|Ph.D Student||Dan Goldman|
|Subject||Biochemical Characterization of the Glycoside Hydrolase|
Family 68 Levansucrase from Zymomonan Mobilis
|Department||Department of Biotechnology and Food Engineering||Supervisor||Full Professor Shoham Yuval|
|Full Thesis text|
Glycoside hydrolases (GH) are a widespread group of enzymes hydrolyzing the glycosidic bond between two or more carbohydrates or between a carbohydrate and a non carbohydrate moiety. Zymomonas mobilis levansucrase is a member of glycoside hydrolase family 68, and can catalyze both sucrose hydrolysis, and the polymerization of fructose to levan (β-(2-6)-fructofuranose). We demonstrate that Zymomonas mobilis levansucrase exists in two active forms, depending on the pH and ionic strength. At pHs above 7.0, the enzyme is mainly a dimer, whereas at pHs below 6.0, the protein forms well-ordered microfibrils that precipitate out of the solution. These two forms are readily interchangeable simply by changing the pH. Surprisingly, the manner in which the enzyme is arranged strongly affects its product specificity and kinetic properties. At pH values above 7.0, the activity of the enzyme as a dimer is mainly sucrose hydrolysis and the synthesis of short fructo-saccharides (degree of polymerization 3). At pH values below 6.0, in its microfibril form, the enzyme catalyzes almost exclusively the synthesis of levan (a degree of polymerization greater than 20,000). This difference in product specificity appears to depend on the form of the enzyme, dimer versus microfibril, and not directly on the pH. Images made by negative stain transmission electron microscopy reveal that the enzyme forms a very ordered structure of long fibrils that appear to be composed of repeating rings of 6 to 8 protein units. A single amino acid replacement of H296R abolished the ability of the enzyme to form microfibrils and to synthesize levan at pH 6.0.

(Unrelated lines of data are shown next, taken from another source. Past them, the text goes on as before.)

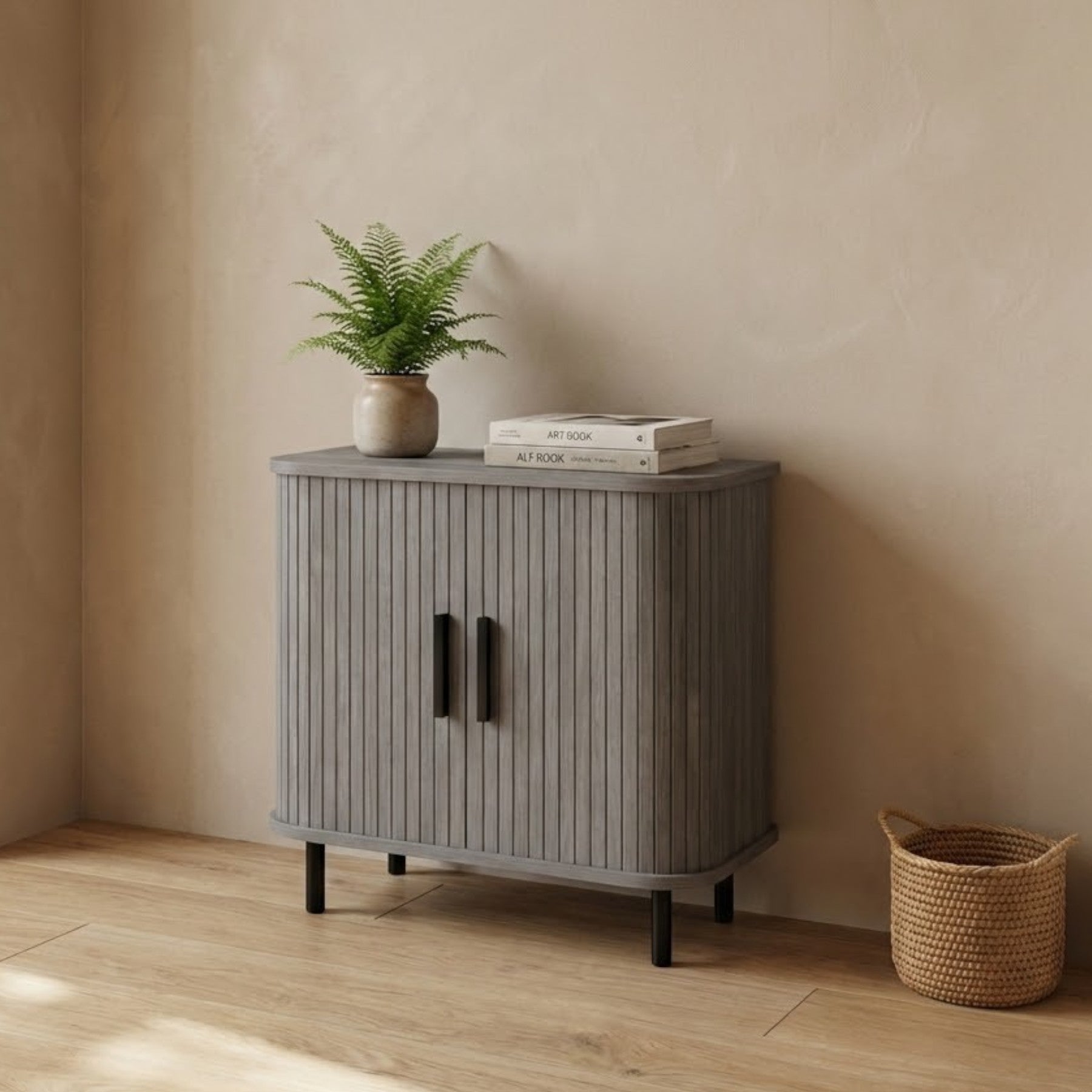 Evie Ribbed Charcoal Side Table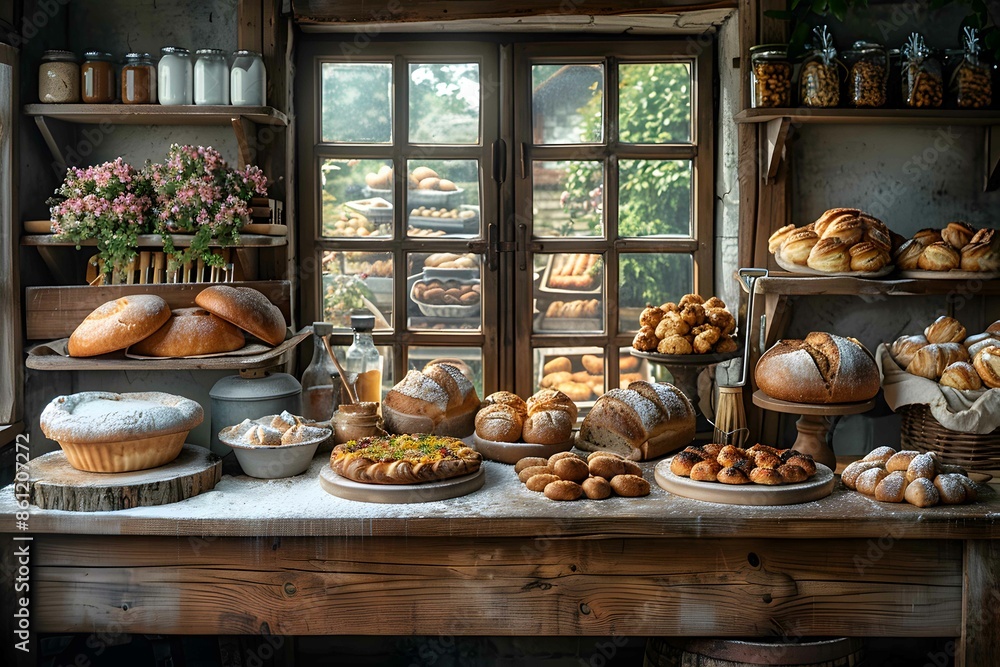 Fototapeta premium Traditional bakery tools in rustic setting.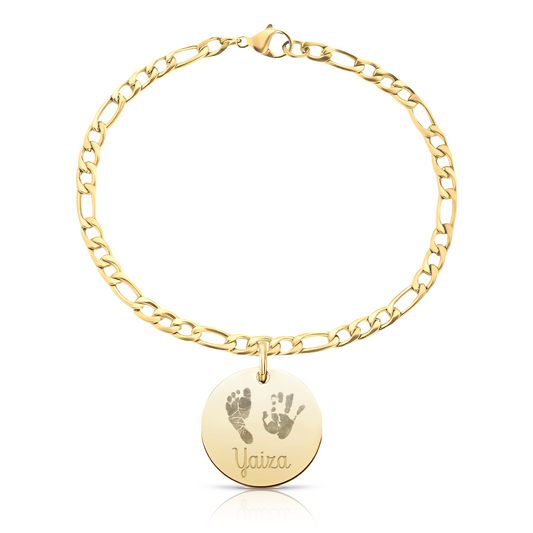 pulsera-personalizada-huella-figaro-oro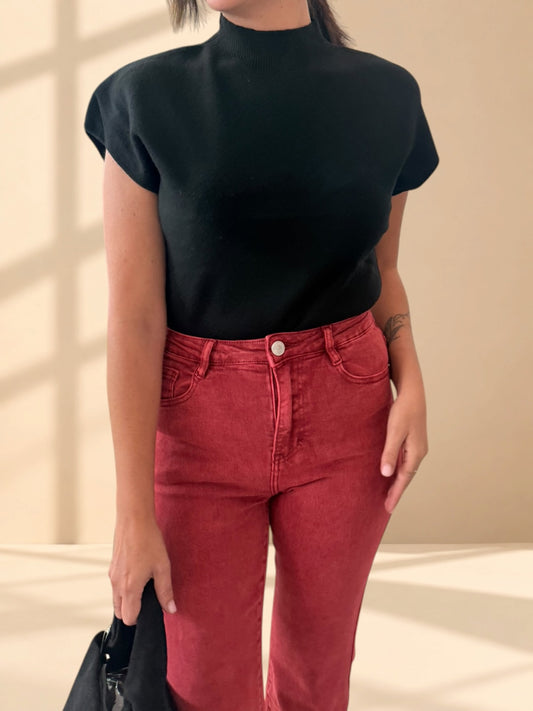 Top negro cuello pekin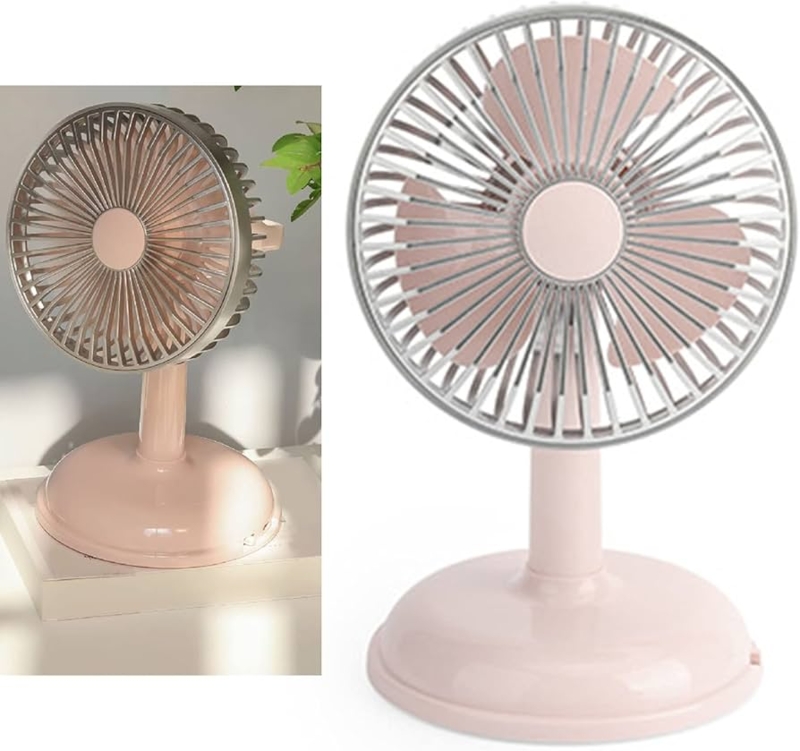 Desk Fan Pale Pink Retro Style Portable USB Radial Grill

Large quantities of the recombinant enzyme were produced using fed- batch fermentation with defined media of E. coli high-cell-density-culture. To avoid the accumulation of growth-inhibiting acidic by-products of incomplete substrate oxidation (such as acetic acid), a fermentaion strategy involving a pre-determined feeding rate was employed in order to limit the growth on the carbon source and to maintain the dissolved oxygen concentration above 30% . This procedure was adopted to 50 liter scale, resulting in optical cell density of 300 at 600 nm (150 gram-dry-cell-weight per liter) and 32 grams of enzyme per 1 liter of cell culture. Based on the fact that the enzyme can be easily converted from soluble to insoluble forms, depending on the pH, an efficient method to purify the enzyme was developed, resulting with over 95% pure protein and 90% total yield.